Im suicidial with a dissisociative disorder, can someone help me?


Question:
Hello, everyday I contemplate suicide, i prepare and then i stop, take some muscle relaxers, and go to sleep to avoid my thoughts.

I am not afraid of death, but i am terribly afraid of living> its tearing me up, I fear i have Derealization disorder and livign with it drives me made, and makes me thibnk too much, which worries me, makes me sick, and makes me really want to end all my pain.

All my dreams feel real, and when i wake its like im livign in this constant fog or blur, that im watching a very boring movie, or that im a ghost, its monotonous and even scary.

what should i do, i have absolutly no one to talk to to even get help or pills or anything.

i harte this, i hate this all, i just wish there would be somethign to shut my mind up and give me some peace.

Answers:
I have a friend who is 38 an she has felt this way her entire life-meds, therapy, hospitalization- nothing has worked. She gets through each day at a time and focuses on her art to help calm and empty her mind. Do you write, journal, paint, draw, or express your feelings in any way (other than talking to people)?

Finding a really good therapist can be helpful- if money is an issue, there are social service agencies that can hook you up with free help. You don't have to keep living like this.
someday everything will be be better..trust me and dont kill yourself please don't...there are people who love you i'm sure of it.there can't be rainbows without rain
First, don't do anything bad.
Call 1-800-SUICIDE, they should be able to refer you to a mental health professional to get you some help.
Because there is a complete psychosis when disassociation is complete language will degenerate and words mean another meaning. That means that talking and writing notes is a waste of time. For the severely depressed it is almost totally imperative to see the two groups in life an accept that you are an outcast. Learn the rules for greeting and the second vocabulary and find one friend who is an outcast too. The winners will never show you how they live so don't try to please them. Eventually you will see the patterns of life emerge and you will see you need to support the bi-polars and be happy.
You need to seek help immedietly. There will always be someone willing to listen, perhaps a doctor? or maybe a Psychologist or Counsellor. These three people can really help you on the path to road to recovery. Im not sure where you're from but no doubt there will be some sort of depression/suicide organisations that will help you through this rough part.
If you want to talk I can help.
Have you been to a doctor or is this self-diagnosis?

Yeah! life's a bummer.

Especially if you let yourself think about that all the time.

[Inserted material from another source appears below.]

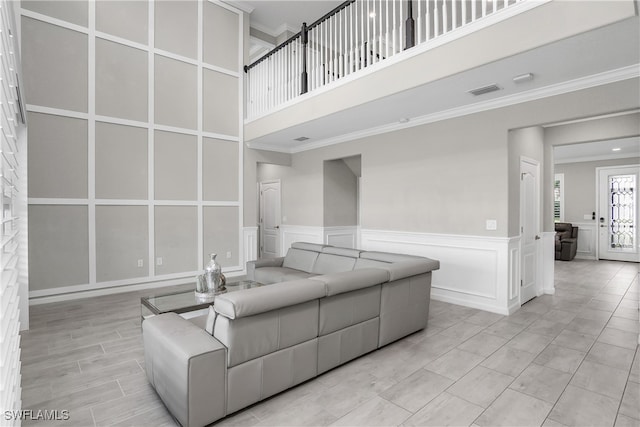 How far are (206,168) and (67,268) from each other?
2644 millimetres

Did you watch the interview with Tammy-Faye Baker the other night. Wow! What a courageous woman.

She had terminal cancer. And she died the next day.

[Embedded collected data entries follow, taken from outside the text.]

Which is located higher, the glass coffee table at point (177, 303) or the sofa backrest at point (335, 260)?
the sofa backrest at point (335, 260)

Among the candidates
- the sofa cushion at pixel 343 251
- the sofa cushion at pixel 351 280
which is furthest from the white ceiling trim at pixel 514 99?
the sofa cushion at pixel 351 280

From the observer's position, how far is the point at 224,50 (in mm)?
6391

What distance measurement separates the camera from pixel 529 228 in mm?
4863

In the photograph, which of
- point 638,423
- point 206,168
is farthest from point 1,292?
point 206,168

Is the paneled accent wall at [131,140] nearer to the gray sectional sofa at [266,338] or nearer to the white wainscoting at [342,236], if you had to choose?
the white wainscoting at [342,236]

But there she was on television, her body ravaged by cancer, in constant pain that the medicine no longer helped.

And she smiled through it all.

Her husband said not once did she lose hope. She ever even cheered him up when she woke up each morning.

Now there was a person who had every right to be depressed.

She chose not to be. She saw every reason to be happy.

She was blessed with a son and daughter and a husband who loved her.

There is someone to copy. Get a video of her interview with Larry King. It should give you a jolt of hope.

Read more about why people like her choose to live happily.
http://themeaningisyou.com
It is awful when death seems like a better alternative than life. It was like that for me everyday as well. Now it's like that less days. Why can't you ask a doc for help? It's taken ten years of on and off suffering, and I guess I can expect more, but don't give up on anti-depressents, anti-psychotics, mood stabilizers. Don't give up, honey.